--- Data in this exercise Enclosed Below ---

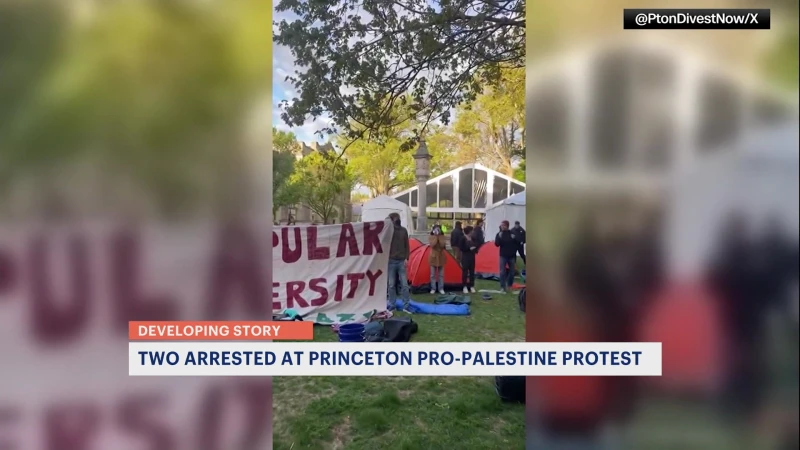 Story image: Officials: 2 arrested for trespassing during pro-Palestinian protest at Princeton University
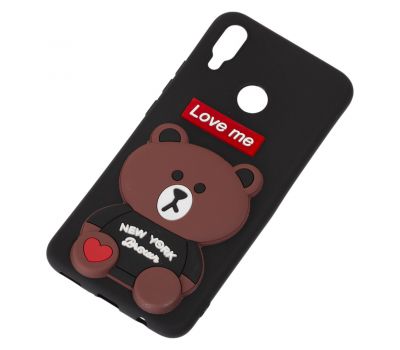 Чохол для Huawei P Smart Plus ведмедик "Love Me" чорний 531151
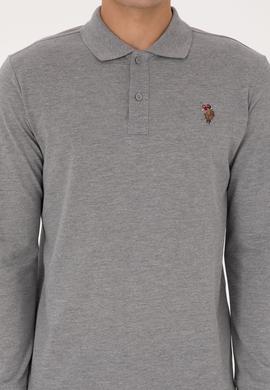 Erkek Regular Fit Polo Yaka Grı Melanj Basic Sweatshirt - 50313772056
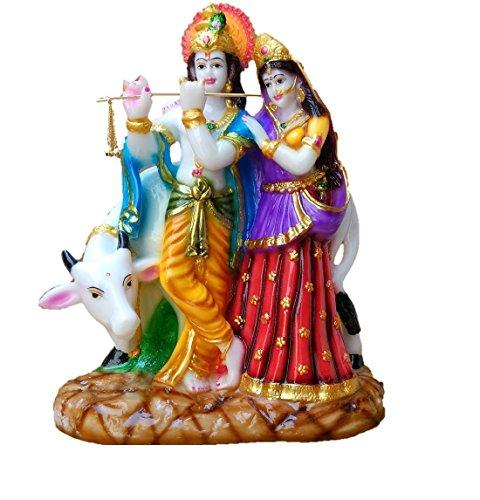 JaipurCrafts Radha Krishna with Kamdhenu Cow Showpiece - 28 cm (Polyresin, Multicolor)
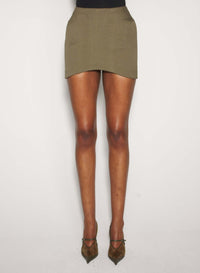 KHAKI TAILORED MINI SKIRT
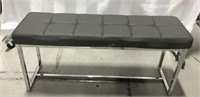 Grey Leatherette Bench w/Chrome Base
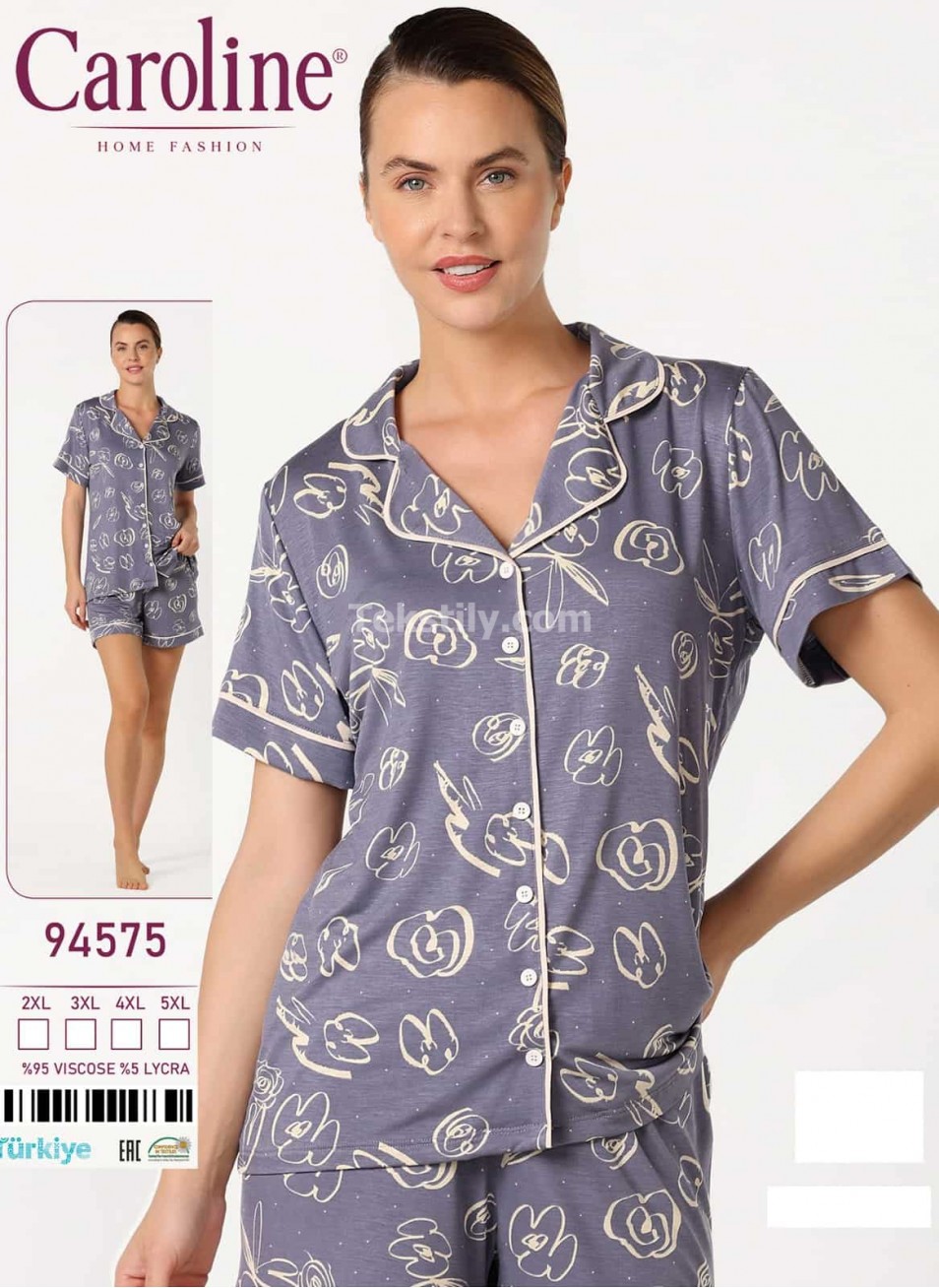 Женский Комплект с Шортами Caroline (2XL+3XL+4XL+5XL)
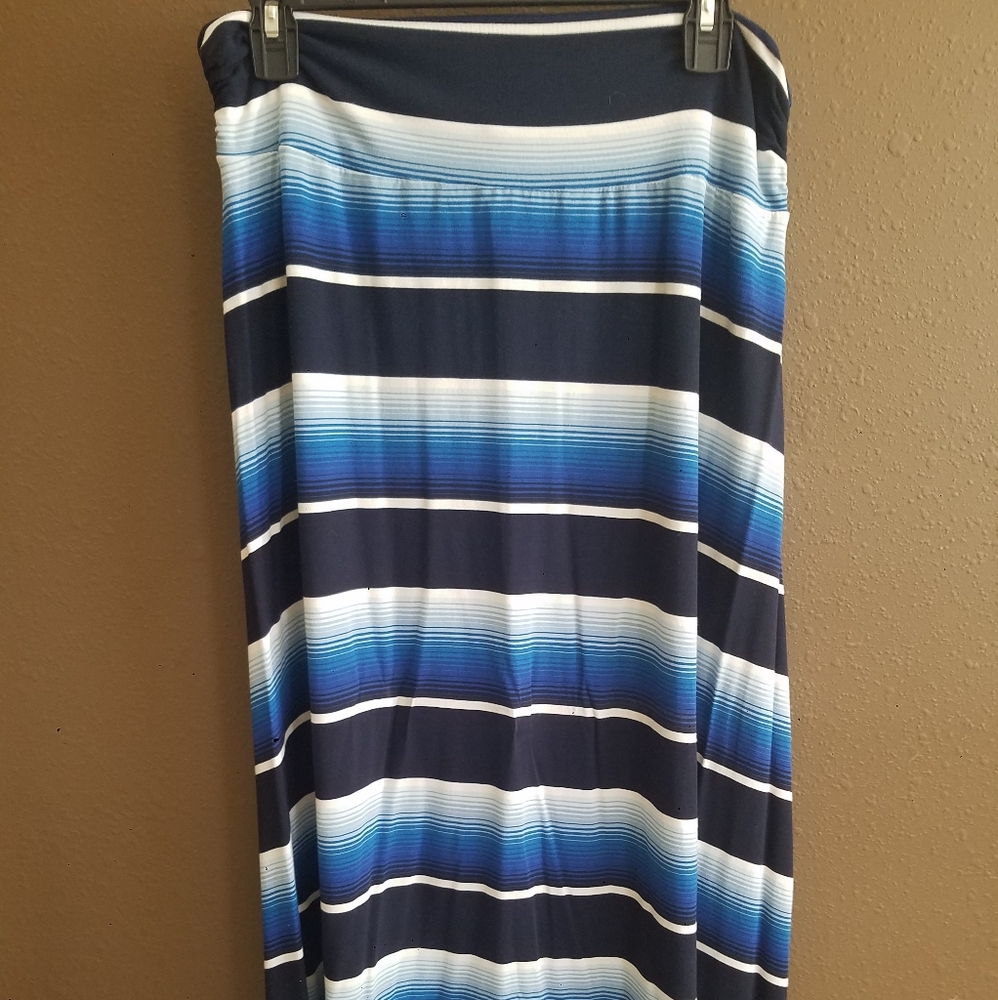 Multi blue strip maxi skirt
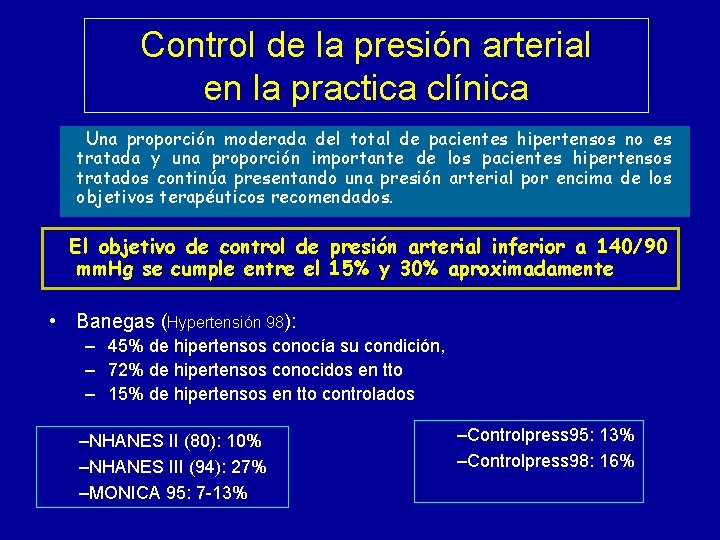 Control de la presión arterial en la practica clínica Una proporción moderada del total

--- End of Enclosed Data in this exercise ---

These lines alone form the answer: the one containing "Grey Leatherette Bench w/Chrome Base" and every line after it through the end of the material, exactly as written, pictures left out.

• Worked solution:
 Grey Leatherette Bench w/Chrome Base
 Женский Комплект с Шортами Caroline (2XL+3XL+4XL+5XL)
 Multi blue strip maxi skirt
 Control de la presión arterial en la practica clínica Una proporción moderada del total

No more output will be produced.